Start of Block

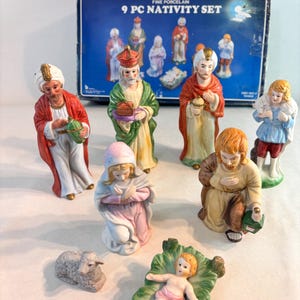 May include: A 9-piece fine porcelain nativity set featuring hand-painted figurines including the infant in a manger, a kneeling figure, a lamb, and various standing figures in robes. The set includes a blue box labeled 9 PC NATIVITY SET.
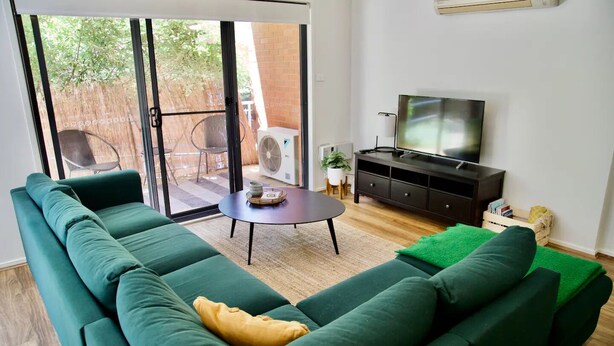Una sala de estar con un sofá verde, una mesita redonda, un televisor y un ventanal corredero que da a un espacio exterior.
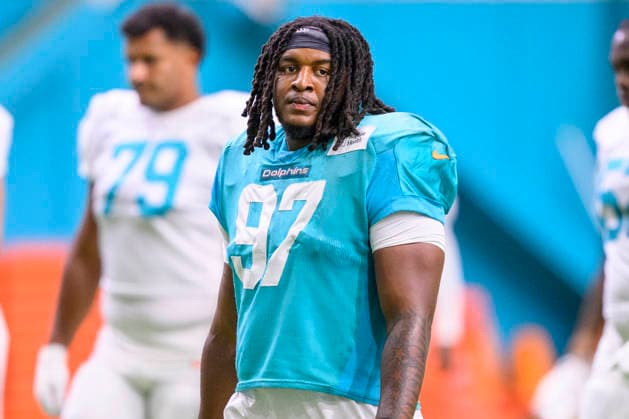 MIAMI GARDENS, FL - AUGUST 10: Miami Dolphins defensive lineman Keith Cooper Jr. (97) stands during the Miami Dolphins Training Camp on August 10 2026, at the Baptist Health Training Complex in Miami Gardens, FL. (Photo by Doug Murray Icon Sportswire) NFL, American Football Herren, USA AUG 10 Dolphins Training Camp EDITORIAL USE ONLY Icon796260810125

End of Block

• Work request: Return each of the lines exactly as they appear above, with no images.

• Exercise output:
 May include: A 9-piece fine porcelain nativity set featuring hand-painted figurines including the infant in a manger, a kneeling figure, a lamb, and various standing figures in robes. The set includes a blue box labeled 9 PC NATIVITY SET.
Una sala de estar con un sofá verde, una mesita redonda, un televisor y un ventanal corredero que da a un espacio exterior.
 MIAMI GARDENS, FL - AUGUST 10: Miami Dolphins defensive lineman Keith Cooper Jr. (97) stands during the Miami Dolphins Training Camp on August 10 2026, at the Baptist Health Training Complex in Miami Gardens, FL. (Photo by Doug Murray Icon Sportswire) NFL, American Football Herren, USA AUG 10 Dolphins Training Camp EDITORIAL USE ONLY Icon796260810125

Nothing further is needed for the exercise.